Quotulatiousness

August 20, 2024

QotD: The printing press was to the Reformation what social media is in the Current Year

Consider the Reformation. I’m in no way qualified to walk you through all the various doctrinal issues, but in this case a superficial analysis is not only sufficient, it’s actually better. Instead of getting lost in the theological weeds, I want to focus on the process. So let’s stipulate for the sake of argument that nothing Luther said was all that original, theologically — you can find pretty much any tenet of “Lutherism” (as it then was) somewhere in the past, often among the Church Fathers (the “double predestination” that drove Calvinists insane is straight out of St. Augustine, for example). Wyclif, Hus, Nicholas of Cusa, Marsilius of Padua, all those guys were proto-Luthers, at least in part.

The thing about Luther, then, wasn’t what he said, so much as how he said it.

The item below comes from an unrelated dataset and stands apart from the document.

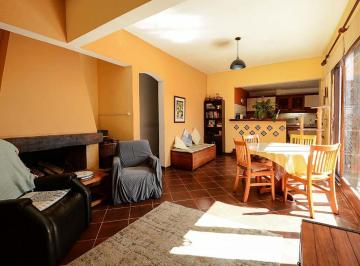 Casa · 107m² · 5 Ambientes · Venta - La Blanqueada - 3 Dorm. - Patio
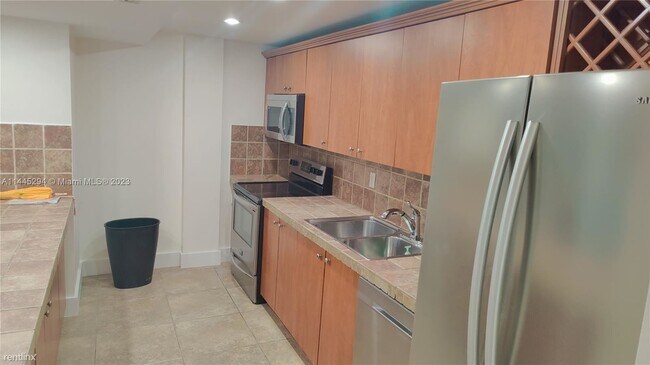 Building Photo - 3 br, 2 bath Condo - 6930 Miami Gardens Dr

Martin Luther was the world’s first spin doctor. Though he insisted for a long time that his famous 95 Theses were, and were always intended to be, a scholastic debate between clergymen, Luther mastered the use of printed propaganda. His opponents soon followed, or tried to, in an ever-increasing spiral of printed viciousness. Mutatis mutandis, the exchanges between Luther, Erasmus, Thomas More (to say nothing of a thousand lesser lights) and their opponents all sound shockingly Current Year. They’re snarky and waspish at best, grotesque ad hominem at worst. Modern flame wars have nothing on the way Thomas More and William Tyndale tore into each other, for instance, and More and Tyndale were rank amateurs compared to Luther.

As with the Current Year, where being first on social media is the only criterion that matters, so the printing press injected something very like “hot takes” into the late-Medieval intellectual atmosphere. If you tried to respond to your opponents the old-fashioned way — with closely reasoned, heavily cited arguments, on parchment, hand-copied by monks — you might win the intellectual battle … 500 years later, among historians who thank you for providing such a useful glimpse into late-Medieval mentalités, but in your own time you’d get fired at best, get burned at the stake at worst, if you didn’t respond instantly, in kind.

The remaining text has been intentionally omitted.